The concept of CC has been a controversial issue. Curators feared that basic collections would be overlooked when scientists focused on CC and were concerned about retention of all variations. On the other hand, breeders and researchers preferred rationally manageable numbers of accessions to achieve their germplasm objectives. Even for breeders, different sized CC may be required to satisfy their different requirements and manipulation capabilities. We therefore developed additional core sets consisting of different numbers of accessions, such as core sets C500, C1500 and C2000. In this system, all accessions in the smaller core set are included in the next bigger core set. To develop a representative and practical MCC, we integrated the optimal sampling scheme and advice from professional breeders, germplasm curators and scientists. First, we sampled the MCC by the optimal sampling scheme, VTP-PS-G-CR. Second, a five-person advisory group including professional breeders, germplasm curators and scientists checked each of the 189 clusters in the primary CC to decide if there was a distinctly elite cultivar, which had special phenotype(s) or genotype(s) and had been a main parent in breeding. If there was, we chose that cultivar; otherwise one cultivar of this cluster was randomly chosen. In developing the CC and other core sets (such as C500, C1500 and C2000), we chose cultivars in lower levels of core sets where possible, otherwise the choice was random. The hierarchical CC are shown in Fig. 6.

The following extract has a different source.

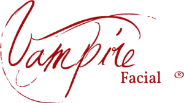 vampire facial 1 300x169 1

The hierarchical CC system, with different population scales and genetic diversities, will allow the use of genetic resources to be more flexible. The primary CC contains 95% of the variation in the cultivated rice resources in China, but is too large in scale (4,300 accessions) to be intensively used and studied. With its small size (189 accessions) and high genetic diversity (70% of the variation in the Chinese cultivated rice resources), the MCC provides us a rational framework to systematically survey the natural variation and to study complex traits. The MCC has been distributed to more than 60 research or breeding organizations and used in their research and breeding program. We have completed the genotyping of 300 genome-wide SSR markers and phenotyping of more than 50 traits at three locations (Beijing, Hangzhou, and Hainan) for 2 years. We are developing MCC-based introgression lines and isogenic lines, and the resequencing of MCC is also in progress. These efforts will help us to determine the extent of natural variation in cultivated rice and the molecular mechanisms underlying complex traits.

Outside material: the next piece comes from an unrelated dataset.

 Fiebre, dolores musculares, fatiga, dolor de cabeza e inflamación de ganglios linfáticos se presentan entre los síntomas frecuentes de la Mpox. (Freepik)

How to capture more rare alleles?

Allele numbers increase from MCC to primary CC, but the gain of new alleles rapidly decreases. For example, 15% additional alleles were retained in CC (932 accessions) relative to MCC (189 accessions), and more than 70% of them were rare alleles. However, only about 5% additional alleles were captured in core set with 2,000 accessions relative to CC (932 accessions), and 90% of those were inferior alleles (Fig. S3). If we further sample larger core sets, almost all the additional alleles will be inferior alleles. The question is whether it is necessary to sample a larger core set to gain a few inferior alleles. The answer is rather dubious. It is difficult to intensively investigate a large collection (larger than 2,000 accessions) in research and breeding activities. Furthermore, the majority of inferior alleles will not contribute to the genetic diversity needed to develop elite cultivars. Various studies (Allard 1992; Frankel et al. 1995) have argued that less frequent alleles only occasionally affect quality or other traits and are generally unlikely to be of future value. Of course, the specific roles of SSRs are mostly unknown, and we could not distinguish whether the alleles examined here were subjected to direct selection per se, or to indirect selection through linkage with genes under selection. However, many studies have shown that SSR alleles are not always neutral or adaptively neutral, and that they are functionally significant in some instances (e.g., Zhang et al. 2009; and for review, Kashi and King 2006). Thus, most inferior alleles were inferior not only in frequency, but also in economic usefulness. Thus, it is not appropriate to establish CC of more than 2,000 accessions solely to increase the likelihood of retaining rare alleles.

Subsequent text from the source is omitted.